Un soir de Juillet, Suzanne, accompagnée de ses deux jeunes enfants, rend une visite impromptue à sa soeur Jeanne. Celle ci est prise au dépourvu. Non seulement elles ne se sont pas vues depuis plusieurs mois, mais surtout Suzanne semble comme absente à elle même. Au petit matin, elle a disparu, laissant seulement une lettre à Jeanne dans laquelle elle lui « confie ses enfants »…

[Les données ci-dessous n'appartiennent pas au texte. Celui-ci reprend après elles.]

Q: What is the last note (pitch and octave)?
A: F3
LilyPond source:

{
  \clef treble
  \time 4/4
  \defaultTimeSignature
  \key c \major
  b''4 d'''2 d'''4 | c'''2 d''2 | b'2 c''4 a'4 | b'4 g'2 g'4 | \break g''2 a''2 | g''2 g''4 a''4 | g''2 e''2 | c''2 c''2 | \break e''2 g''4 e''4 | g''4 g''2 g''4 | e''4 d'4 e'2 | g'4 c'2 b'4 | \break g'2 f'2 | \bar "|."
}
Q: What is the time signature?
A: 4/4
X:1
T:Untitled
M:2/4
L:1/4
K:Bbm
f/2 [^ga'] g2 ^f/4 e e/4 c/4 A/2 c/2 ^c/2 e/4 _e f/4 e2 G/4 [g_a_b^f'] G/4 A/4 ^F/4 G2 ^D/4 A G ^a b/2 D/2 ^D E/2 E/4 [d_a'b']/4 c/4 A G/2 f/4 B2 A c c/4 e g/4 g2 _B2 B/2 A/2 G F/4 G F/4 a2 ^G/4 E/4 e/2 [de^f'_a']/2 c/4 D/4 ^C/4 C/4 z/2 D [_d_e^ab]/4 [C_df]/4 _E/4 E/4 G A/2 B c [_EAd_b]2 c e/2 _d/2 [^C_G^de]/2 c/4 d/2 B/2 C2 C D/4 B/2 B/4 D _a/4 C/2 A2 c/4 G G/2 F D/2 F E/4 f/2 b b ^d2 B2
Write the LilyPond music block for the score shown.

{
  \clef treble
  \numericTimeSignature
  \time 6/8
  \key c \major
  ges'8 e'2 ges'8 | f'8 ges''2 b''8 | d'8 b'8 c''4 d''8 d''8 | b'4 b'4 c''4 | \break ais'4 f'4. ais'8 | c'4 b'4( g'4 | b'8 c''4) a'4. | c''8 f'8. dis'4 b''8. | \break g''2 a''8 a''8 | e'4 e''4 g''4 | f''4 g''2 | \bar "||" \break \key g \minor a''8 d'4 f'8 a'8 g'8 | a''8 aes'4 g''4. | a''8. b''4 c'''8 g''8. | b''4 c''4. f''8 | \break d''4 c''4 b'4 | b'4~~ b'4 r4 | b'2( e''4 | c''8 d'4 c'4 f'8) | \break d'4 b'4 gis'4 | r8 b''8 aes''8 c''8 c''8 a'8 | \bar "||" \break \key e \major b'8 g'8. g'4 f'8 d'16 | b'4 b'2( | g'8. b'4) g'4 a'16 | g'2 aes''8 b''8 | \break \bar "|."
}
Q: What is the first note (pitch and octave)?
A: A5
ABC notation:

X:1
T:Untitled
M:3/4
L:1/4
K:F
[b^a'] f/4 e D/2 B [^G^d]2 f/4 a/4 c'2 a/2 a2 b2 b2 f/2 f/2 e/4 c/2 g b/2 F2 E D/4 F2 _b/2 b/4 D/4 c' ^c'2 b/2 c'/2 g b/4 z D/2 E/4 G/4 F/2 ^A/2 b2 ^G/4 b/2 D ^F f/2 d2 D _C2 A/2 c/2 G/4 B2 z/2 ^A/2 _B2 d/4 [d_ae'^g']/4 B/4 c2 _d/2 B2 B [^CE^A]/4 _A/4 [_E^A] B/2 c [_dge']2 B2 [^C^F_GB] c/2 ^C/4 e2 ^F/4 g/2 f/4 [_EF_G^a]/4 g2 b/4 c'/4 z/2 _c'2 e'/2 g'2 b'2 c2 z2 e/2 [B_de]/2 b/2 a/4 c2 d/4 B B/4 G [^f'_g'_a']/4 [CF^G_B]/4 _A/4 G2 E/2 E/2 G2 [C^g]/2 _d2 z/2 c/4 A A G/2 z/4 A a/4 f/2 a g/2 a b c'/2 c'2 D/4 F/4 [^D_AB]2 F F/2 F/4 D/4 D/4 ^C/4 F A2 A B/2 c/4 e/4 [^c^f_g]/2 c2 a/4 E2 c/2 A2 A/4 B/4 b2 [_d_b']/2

Tout jeune réalisateur de 26 ans, Nathan Ambrosioni, avait déjà deux films à son actif dont le sympathique mais modeste Toni en Famille. Avec ce troisième travail de cinéaste, il fait preuve d’une maturité tout à fait exceptionnelle dans sa mise en scène: d’une infinie délicatesse, poignante juste ce qu’il faut, contournant les pièges faciles du mélo familial, il nous serre les tripes avec un récit de drame social à la fois ténu et bouleversant. Il décrit tout ce qui s’ensuit après la disparition volontaire d’une maman (la colère des proches, le désarroi silencieux des enfants, l’incompréhension profonde), sans juger ni charger ses effets. Son scénario est un modèle de pudeur et de sensibilité, n’oubliant jamais de prendre en compte tous les points de vue, traquant la vérité dans les séquences où des « tiers » interviennent (le jeune inspecteur de police, la juge, la directrice d’école). Traitant aussi bien des liens familiaux distendus par les non dits et les années de silence, que d’absence ou de découragement, Les Enfants vont bien parle également des mères (celles qui craquent et prennent le large comme celles qui apprennent à le devenir « par substitution), ne délaissant jamais la psychologie des enfants forcément ébranlés par une nouvelle vie qu’on leur impose, touchés en plein coeur par le manque indicible de leur maman. Quelques séquences en apparence toutes simples font monter les larmes aux yeux (le diner au restaurant entre Jeanne et Nicole, le déménagement de l’appartement) dans un ensemble très harmonieusement écrit.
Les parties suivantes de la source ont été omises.